_ABOUT THIS EXERCISE:_ Print again, word for word, all of the records below, and leave the pictures out.

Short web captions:
———

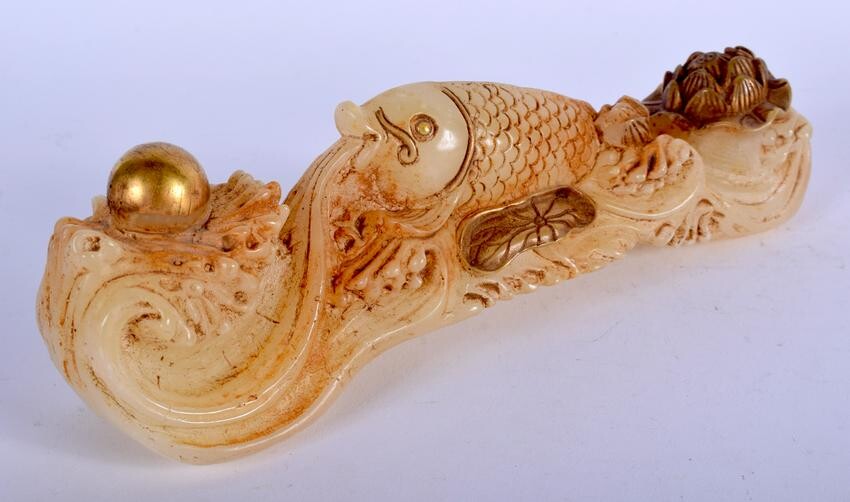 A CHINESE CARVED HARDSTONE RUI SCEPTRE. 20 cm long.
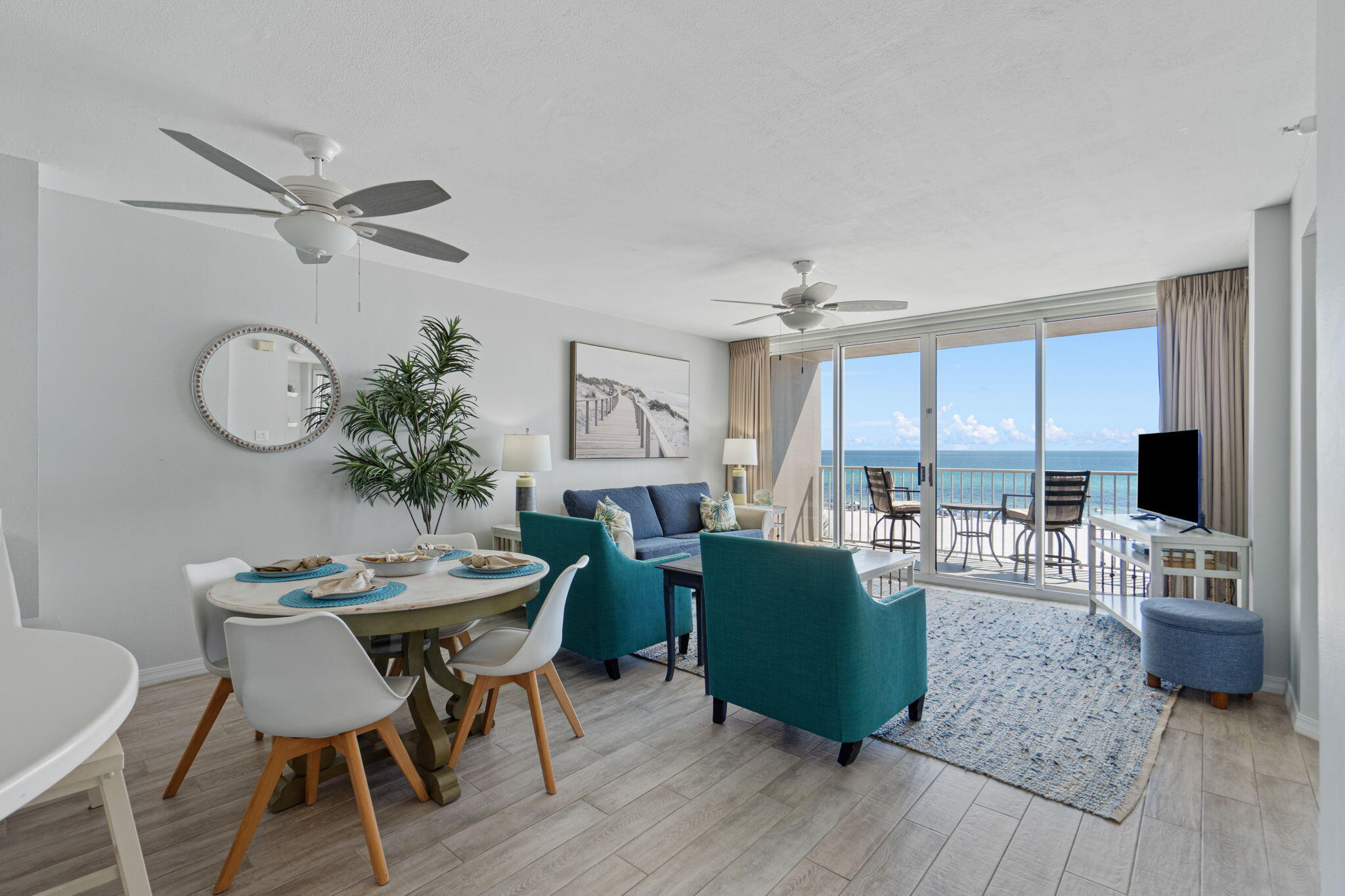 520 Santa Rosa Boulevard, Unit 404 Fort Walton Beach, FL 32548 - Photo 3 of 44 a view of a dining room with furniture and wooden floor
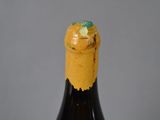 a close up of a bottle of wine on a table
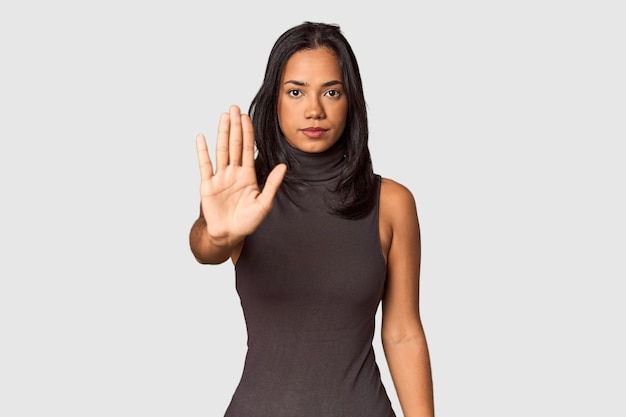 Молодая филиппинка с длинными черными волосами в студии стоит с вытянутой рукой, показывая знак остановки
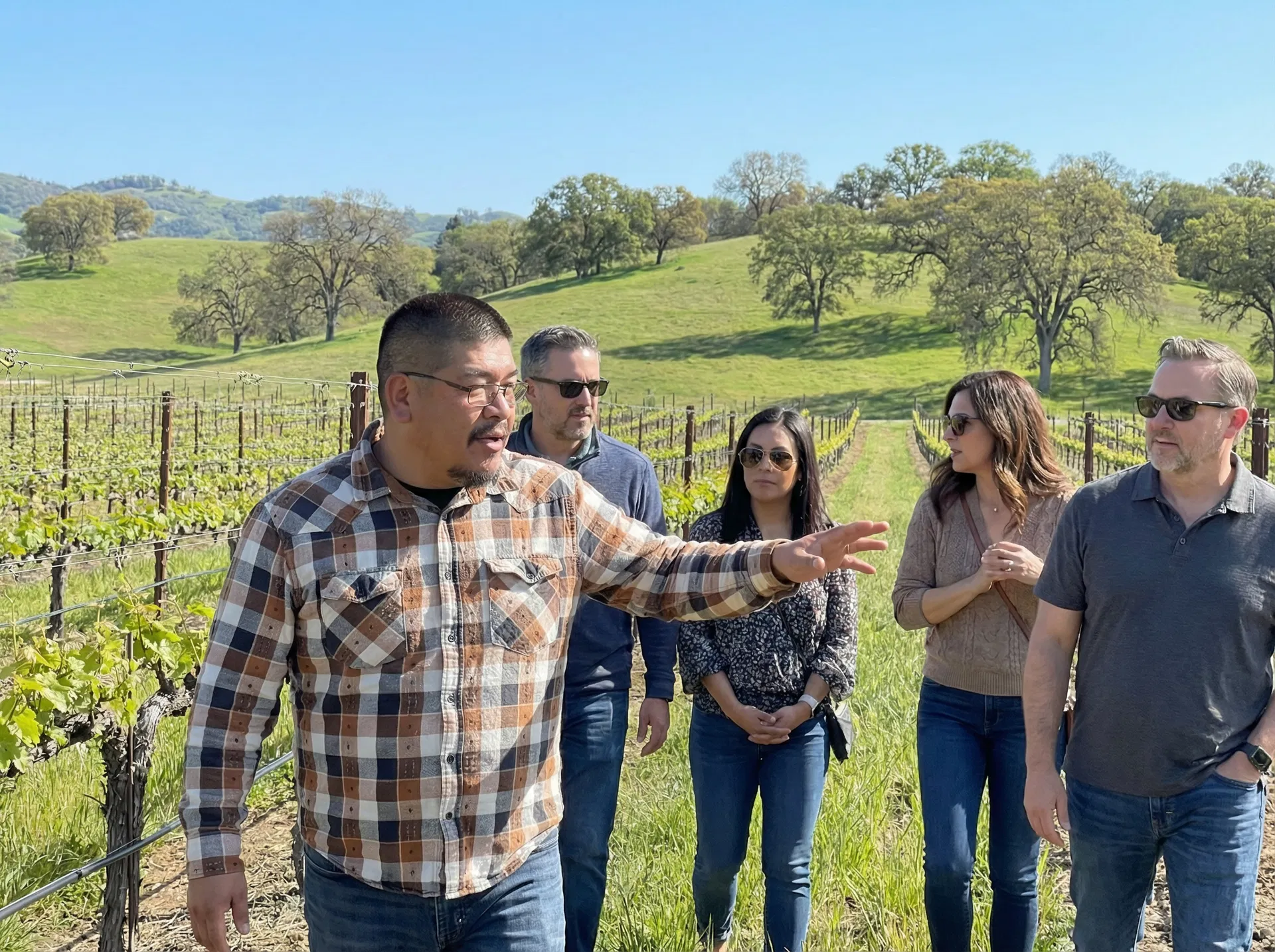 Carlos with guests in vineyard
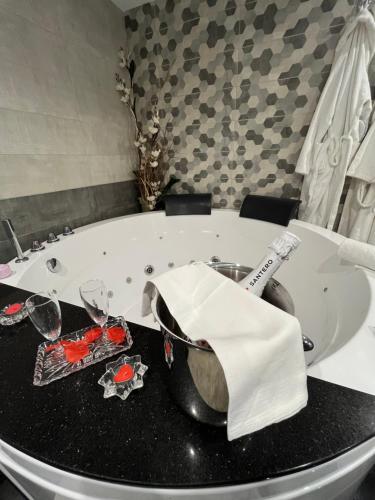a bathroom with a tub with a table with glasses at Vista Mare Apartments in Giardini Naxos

———

_RESULT OF THE EXERCISE:_
 A CHINESE CARVED HARDSTONE RUI SCEPTRE. 20 cm long.
 520 Santa Rosa Boulevard, Unit 404 Fort Walton Beach, FL 32548 - Photo 3 of 44 a view of a dining room with furniture and wooden floor
 a close up of a bottle of wine on a table
 Молодая филиппинка с длинными черными волосами в студии стоит с вытянутой рукой, показывая знак остановки
 Carlos with guests in vineyard
a bathroom with a tub with a table with glasses at Vista Mare Apartments in Giardini Naxos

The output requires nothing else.